Whether an initiative is successful is not only a question of whether it is admissible, or whether it meets the necessary thresholds in terms of signatures. Even if it does not, it can still be an expression of a political concern on the part of citizens, which the EU institutions can and should take note of, and which can be the basis of a political debate.
– Frans Timmermans, First Vice-President of the European Commission
Some of the reforms the new ECI Regulation will bring are more practical assistance to organisers, more time for debate, a new online signature collection system and less personal data collection. Organisers will also have six months, instead of three, after registration to choose when to start collecting signatures. This will provide sufficient time for campaigns to be prepared, raising the chance of obtaining the required 1 million signatures.
One aspect that some participants expressed concern with is the planned transition from individual online collection systems to a single system, which will be run centrally by the Commission. Acknowledging that this is a loss of flexibility for organisers, Mr Timmermans also assured that the Commission is committed to setting up a high-quality and secure system that will make supporting an initiative even easier.
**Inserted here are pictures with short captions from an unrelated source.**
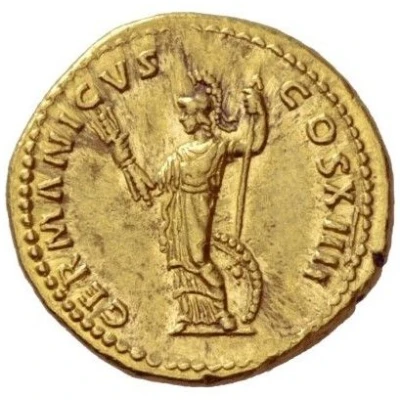 Aureus - Domitian GERMANICVS COS XIIII; Minerva back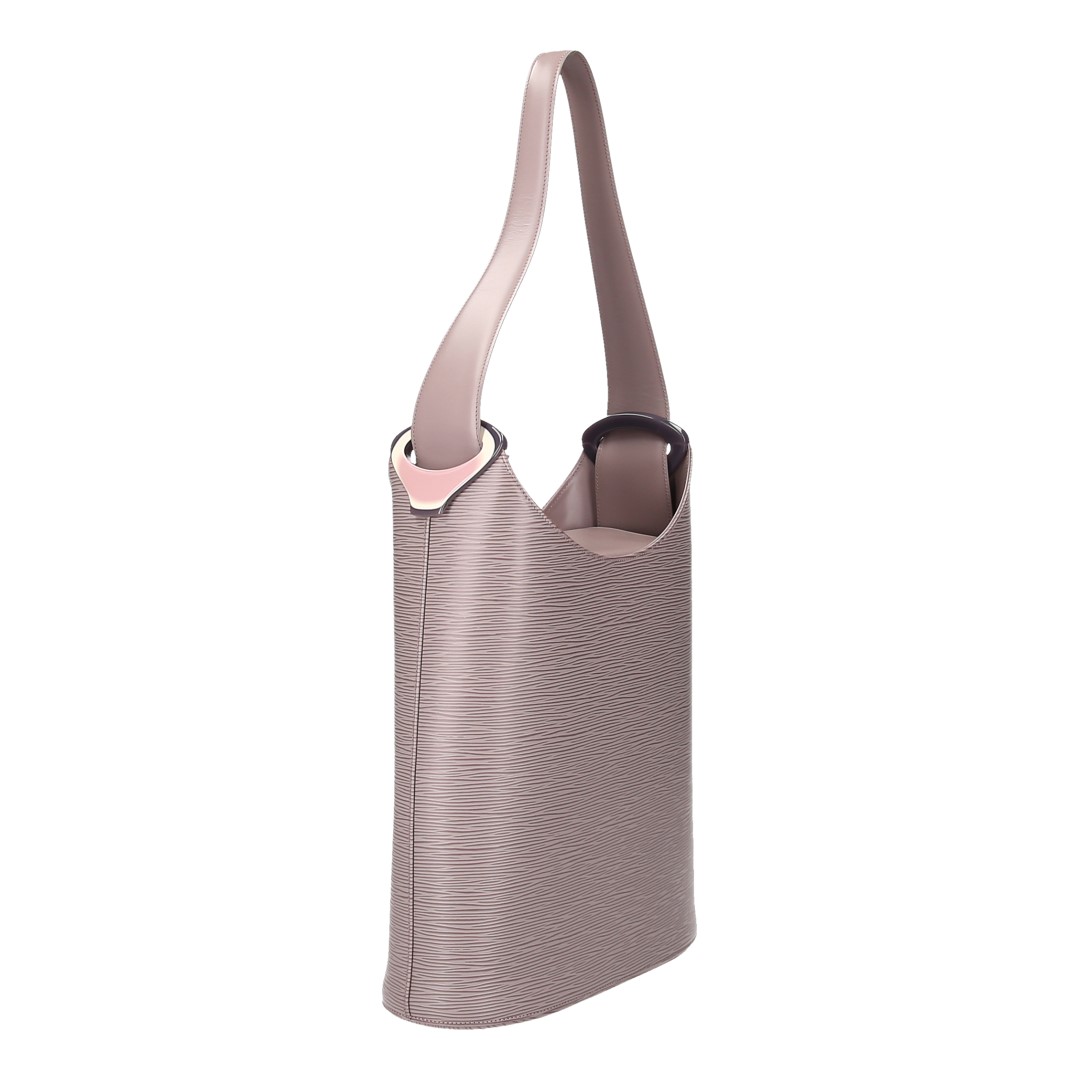 LOUIS VUITTON VERSEAU SCHULTERTASCHE AUS EPI LEDER IN LILAC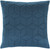 18" Blue Geometric Pattern Throw Pillow with Knife Edge - Poly Filled - IMAGE 1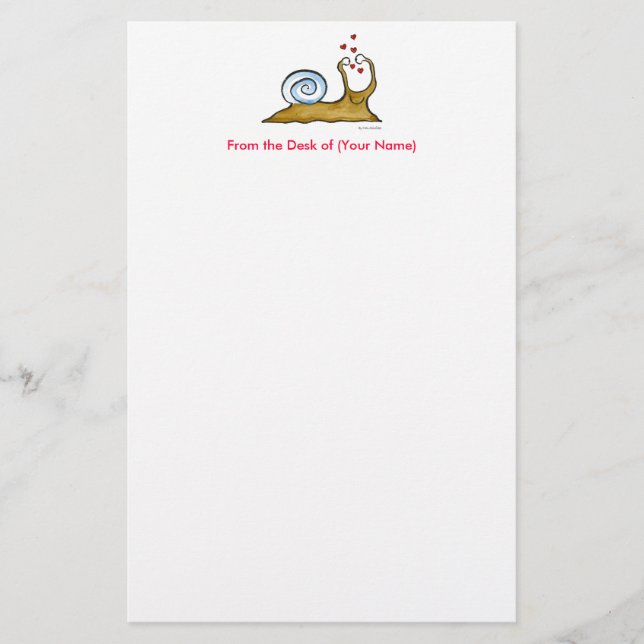 Liebe Snail Stationery Briefpapier (Vorderseite)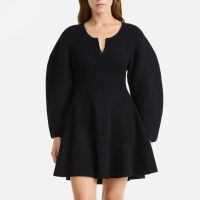 by malene birger francesca ribbed-knit mini dress - m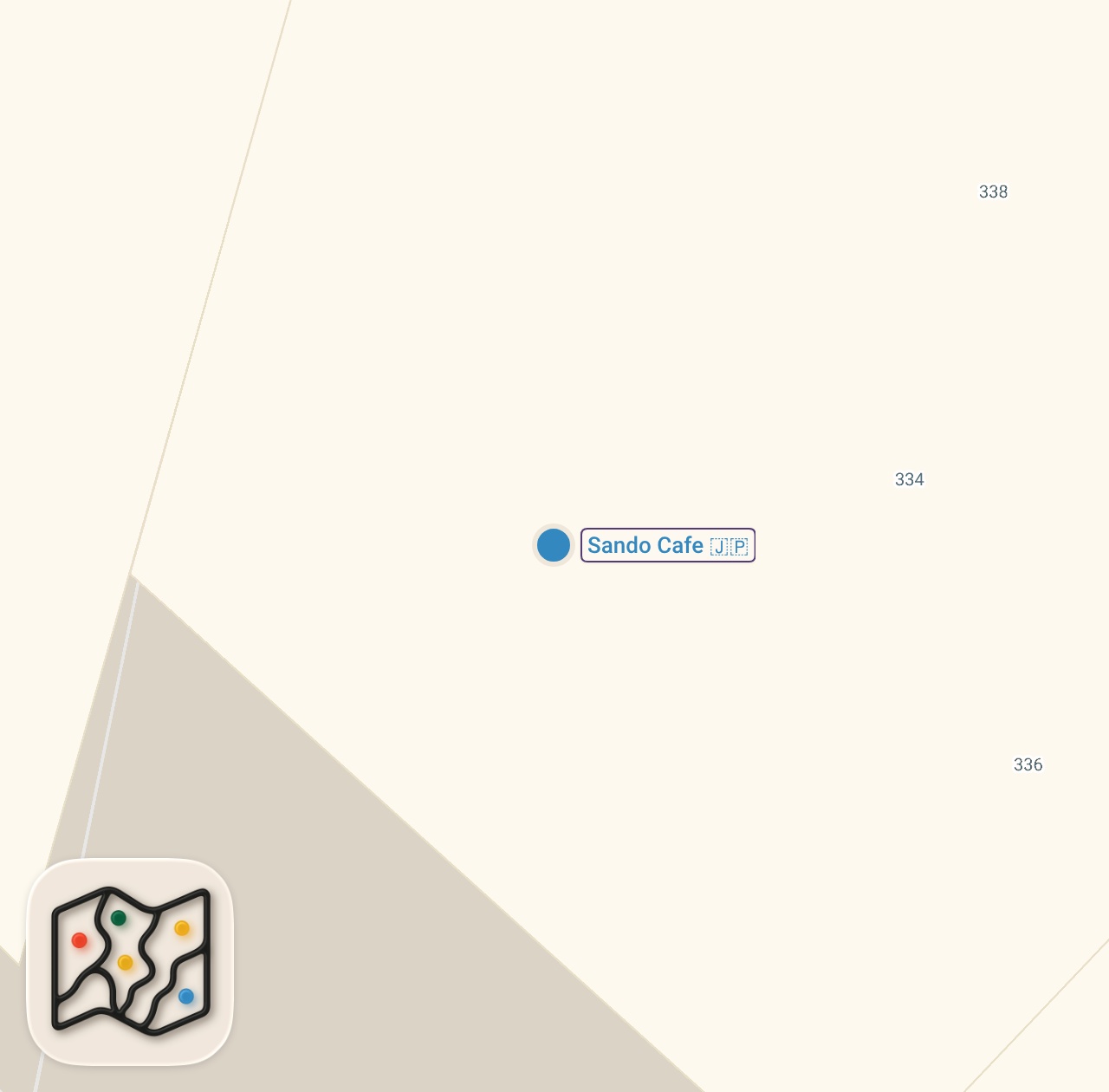 Map of 1 spots from Reviewing One of The Highest Rated Japanese Restaurants In New Jersey, Sando Cafe In Montclair NJ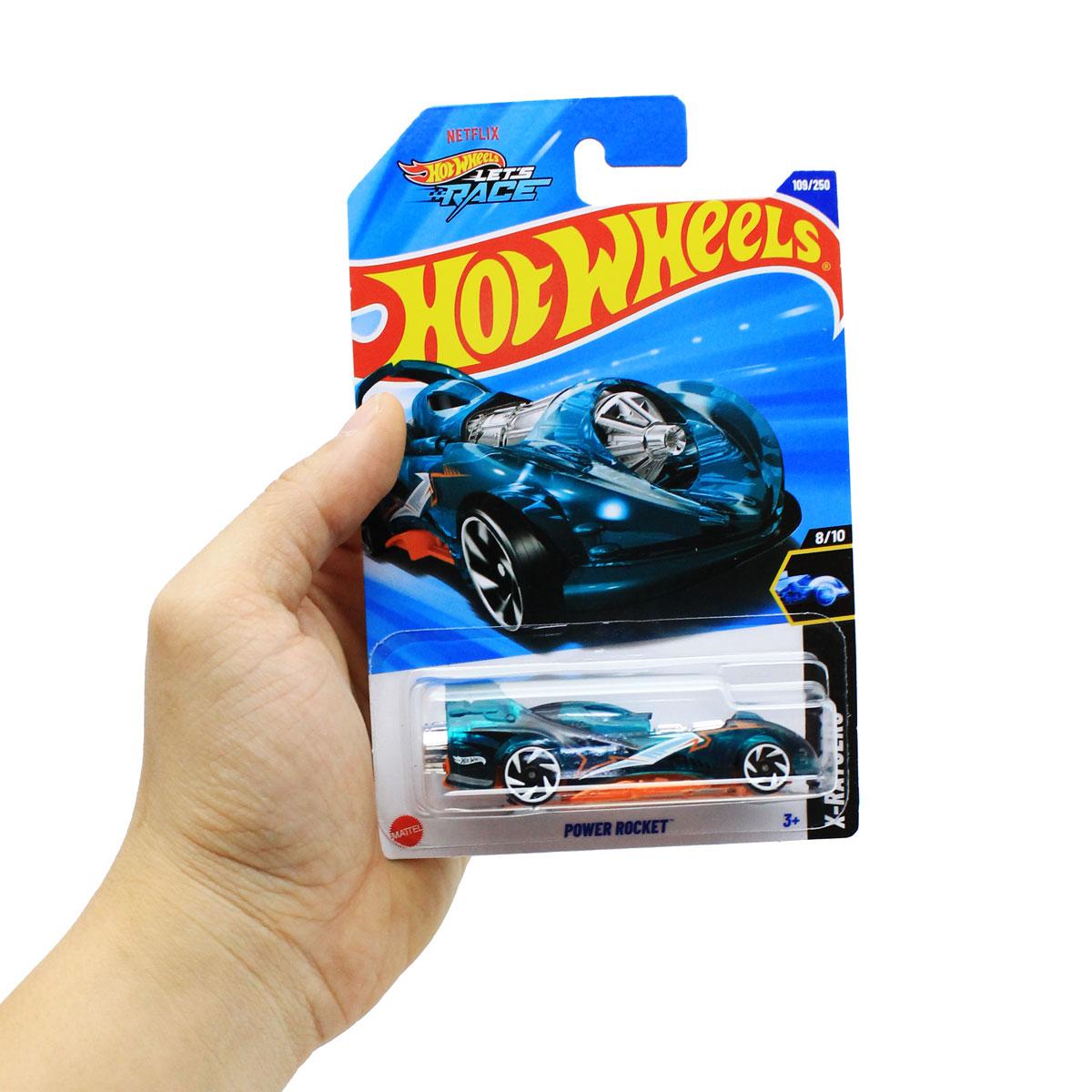 Siêu Xe Hot Wheels C4982 - 109/250 - Power Rocket (Mẫu Màu Giao Ngẫu Nhiên)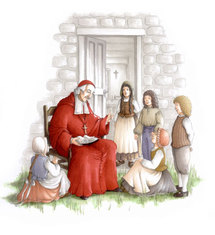 François de Laval enseignant aux enfants François de Laval enseignant aux enfants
To do so, it is important that stakeholders and citizens are involved in its development and that their suggestions and concerns are taken into account.
It is this point that the workshop, organised by ECAS and Democracy International within the second part of the day’s programme, picked up on. Under the theme of ‘Expanding the ECI’s digital dimension: co-creating the future Online Collection System’, it opened up the floor for speakers and participants to collaborate on what features would make the new system as efficient and campaigner-friendly as possible. The suggested ideas can be viewed here.
The shared experiences and views at ECI Day 2019 demonstrated the ability of citizen initiatives to influence the EU agenda and the eagerness of citizens to be actively involved in the policy making progress.
ECI Day is annually organised by the European Economic and Social Committee.